1

I came up with a question that initially was going to be a Q/A style question.

The original question:

How much does a higher scale in BigDecimal#divide() affect performance?

So, I created this SSCCE:

import java.math.BigDecimal;
import java.math.RoundingMode;
import java.util.concurrent.TimeUnit;

public class Test {

    public static void main(String args[]) {
        int[] scales = new int[] {1, 10, 50, 100, 500, 1000, 5000, 100000, 1000000};
        for(Integer scale : scales) {
            long start = System.nanoTime();
            BigDecimal.ONE.divide(BigDecimal.valueOf(7), scale, RoundingMode.HALF_UP);
            long end = System.nanoTime();
            long elapsed = end - start;
            String elapsed_str = String.format("%d mins, %d secs, %d millis, %d nanos", 
                TimeUnit.NANOSECONDS.toMinutes(elapsed),
                TimeUnit.NANOSECONDS.toSeconds(elapsed) - TimeUnit.MINUTES.toSeconds(TimeUnit.NANOSECONDS.toMinutes(elapsed)),
                TimeUnit.NANOSECONDS.toMillis(elapsed) - TimeUnit.SECONDS.toMillis(TimeUnit.NANOSECONDS.toSeconds(elapsed)),
                elapsed - TimeUnit.MILLISECONDS.toNanos(TimeUnit.NANOSECONDS.toMillis(elapsed))
            );
            System.out.println("Time for scale = " + scale + ": " + elapsed_str);
        }
    }
}

The output was thus:

Time for scale = 1: 0 mins, 0 secs, 2 millis, 883903 nanos
Time for scale = 10: 0 mins, 0 secs, 0 millis, 13995 nanos
Time for scale = 50: 0 mins, 0 secs, 1 millis, 138727 nanos
Time for scale = 100: 0 mins, 0 secs, 0 millis, 645636 nanos
Time for scale = 500: 0 mins, 0 secs, 1 millis, 250220 nanos
Time for scale = 1000: 0 mins, 0 secs, 4 millis, 38957 nanos
Time for scale = 5000: 0 mins, 0 secs, 15 millis, 66549 nanos
Time for scale = 100000: 0 mins, 0 secs, 500 millis, 873987 nanos
Time for scale = 1000000: 0 mins, 50 secs, 183 millis, 686684 nanos

As the order of magnitude increases, the performance is affected exponentially. But what had me scratching my head were these lines:

Time for scale = 1: 0 mins, 0 secs, 2 millis, 883903 nanos
Time for scale = 10: 0 mins, 0 secs, 0 millis, 13995 nanos
Time for scale = 50: 0 mins, 0 secs, 1 millis, 138727 nanos
Time for scale = 100: 0 mins, 0 secs, 0 millis, 645636 nanos
Time for scale = 500: 0 mins, 0 secs, 1 millis, 250220 nano

It appears that a scale of 10 is optimal for BigDecimal#divide()? And a scale of 100 is faster than 50? I thought this might just be an anomaly, so I ran it again (this time, omitting the highest two scales because I didn't want to wait 50 seconds :)) and this is the result:

Time for scale = 1: 0 mins, 0 secs, 3 millis, 440903 nanos
Time for scale = 10: 0 mins, 0 secs, 0 millis, 10263 nanos
Time for scale = 50: 0 mins, 0 secs, 0 millis, 833169 nanos
Time for scale = 100: 0 mins, 0 secs, 0 millis, 487492 nanos
Time for scale = 500: 0 mins, 0 secs, 0 millis, 802846 nanos
Time for scale = 1000: 0 mins, 0 secs, 2 millis, 475715 nanos
Time for scale = 5000: 0 mins, 0 secs, 16 millis, 646117 nanos

Again, 10 is considerably faster than 1, and 100 is again faster than 50.

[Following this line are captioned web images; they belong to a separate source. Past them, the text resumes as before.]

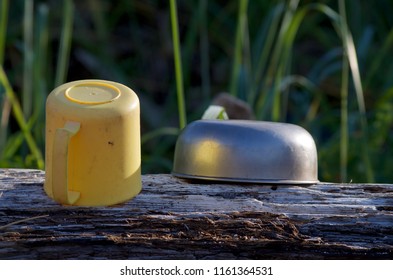 Yellow Plastic Coffee Cup And Metal Bowl Dry Upside Down On A Log On A Camping Trip, Spring Island, BC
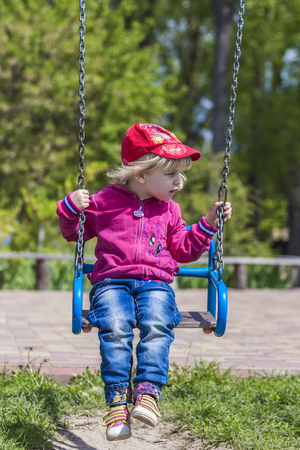 Cute little girl on a swing. Smiling child playing outdoors.の写真素材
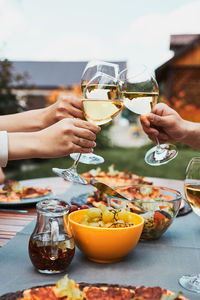 Friends making toast during summer picnic outdoor dinner in a home garden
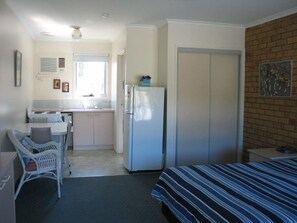 Une chambre d’hôtel compacte avec une kitchenette, un lit avec une literie à rayures, une chaise en osier et un mur en briques.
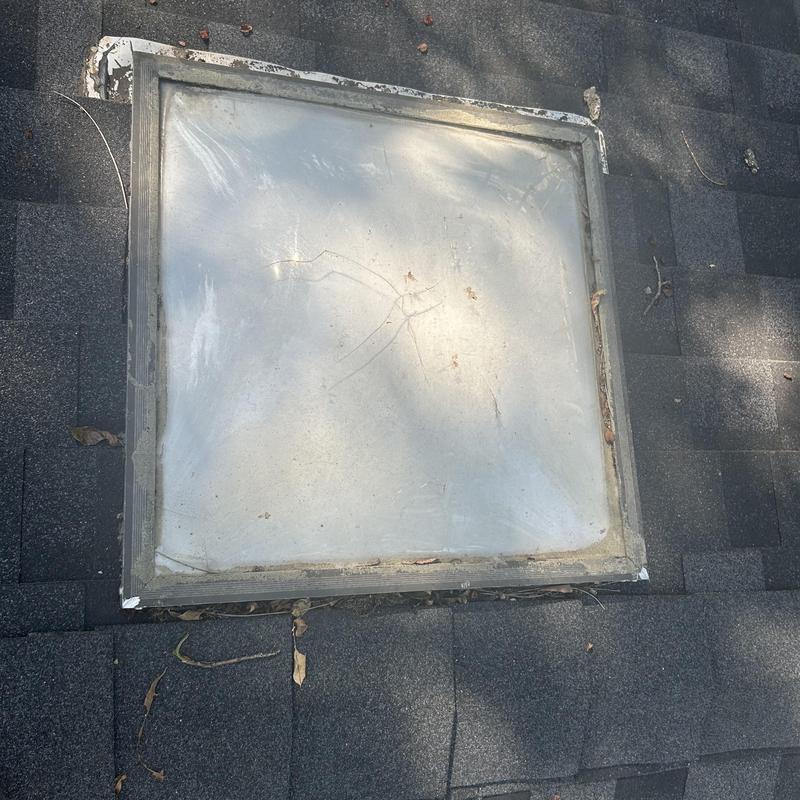 Skylight window on asphalt shingle roof with cracks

I tried again and again, and 100 was always faster than 50. And a scale of 1 was always slower than everything less than 1000.

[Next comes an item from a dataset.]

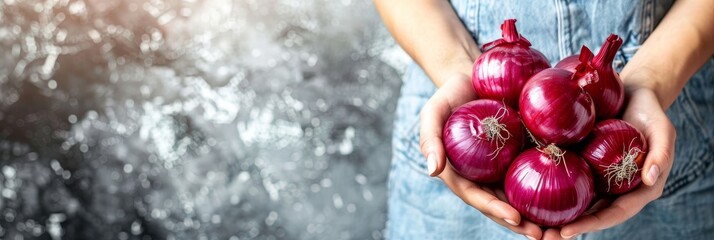 Hand holding red onion with blurred onion selection background for text placement - obrazy, fototapety, plakaty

Anyone have an explanation?

ryvantage
  • 13,064
  • 15
  • 63
  • 112
  • 2
    Your benchmarking methodology is extremely suspect. You _can't_ get useful results without running each method thousands of times; your results can be completely the opposite of what they ought to be otherwise. – Louis Wasserman Dec 19 '13 at 00:05
  • 1
    Your benchmark is not fair. Read this answer: http://stackoverflow.com/a/513259/155137 – Martijn Courteaux Dec 19 '13 at 00:10
  • 2
    Also, the fast ones are powers of ten -- there is a `private static final long[] LONG_TEN_POWERS_TABLE` declared in `BigDecimal`. I assume that this is for performance reasons. – Jesan Fafon Dec 19 '13 at 00:15
  • Discover [JMH](http://openjdk.java.net/projects/code-tools/jmh/). – leventov Dec 19 '13 at 06:37

1 Answers1

0

Java code is optimised dynamically but the first time you run it, it has to be loaded. To avoid confusing results caused by the code being re-compiled as you run it, I suggest

  • doing your longest run first, not last.
  • run the test for at least 2 seconds.
  • ignore the first run of at least 3 to 5 runs (You only have one in this case)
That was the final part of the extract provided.